2013A&A...557A.104B

There is a group of binary post-AGB stars that show conspicuous near-infrared (NIR) excess, which is usually assumed to arise from hot dust in very compact possibly rotating disks. These stars are surrounded by significantly fainter nebulae than the standard, well studied protoplanetary and planetary nebulae (PPNe, PNe). We aim to identify and study extended rotating disks around these stars and shed light on the role of disks in the formation and shaping of planetary nebulae. We present high-sensitivity mm-wave observations of CO lines in 24 objects of this type. The resulting CO lines are compared with profiles expected to arise from rotating disks from both theoretical and observational grounds. We derive simple formulae that allow us to determine the mass of the CO-emitting gas and estimate its extent. The reliability and uncertainty of the methods are also widely discussed. CO emission is detected in most observed sources, and the line profiles show that the emissions very probably come from disks in rotation. We derive typical values of the disk mass between 10^–3 and 10^–2M_☉ about two orders of magnitude lower than the (total) masses of standard PPNe. The high-detection rate (upper limits being not very significant) clearly confirm that the NIR excess of these stars arises from compact disks in rotation, which are likely the inner parts of those found here. Low-velocity outflows are also found in about eight objects with moderate expansion velocities of ∼10km/s to be compared with the velocities of about 100 km/s often found in standard PPNe.

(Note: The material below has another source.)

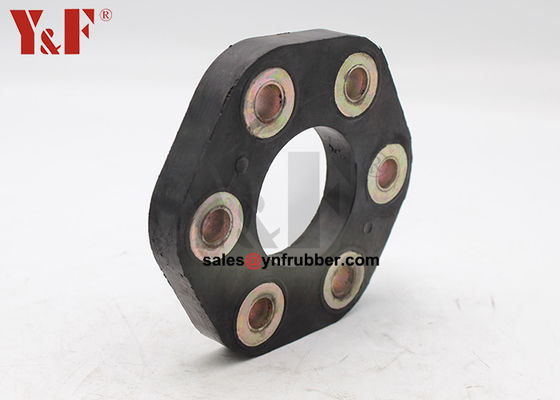 Chất cứng nối cao su linh hoạt an toàn kết nối hai trục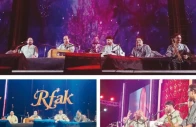 rahat fateh ali khan mesmerises audience at karachi concert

Except for two sources with complex profiles, the outflowing gas in our objects represents a minor nebular component. Our simple estimates of the typical disk sizes yields values ∼0.5-1 arcsec, which is between 5x10¹⁵ and 3x10¹⁶cm. Estimates of the linear momenta carried by the outflows, which can only be performed in a few well studied objects, also yield moderate values when compared to the linear momenta that can be released by the stellar radiation pressure (contrary, again, to the case of the very massive and fast bipolar outflows in standard PPNe that are strongly overluminous). The mass and dynamics of nebulae around various classes of post-AGB stars differ very significantly, and we can expect the formation of PNe with very different properties.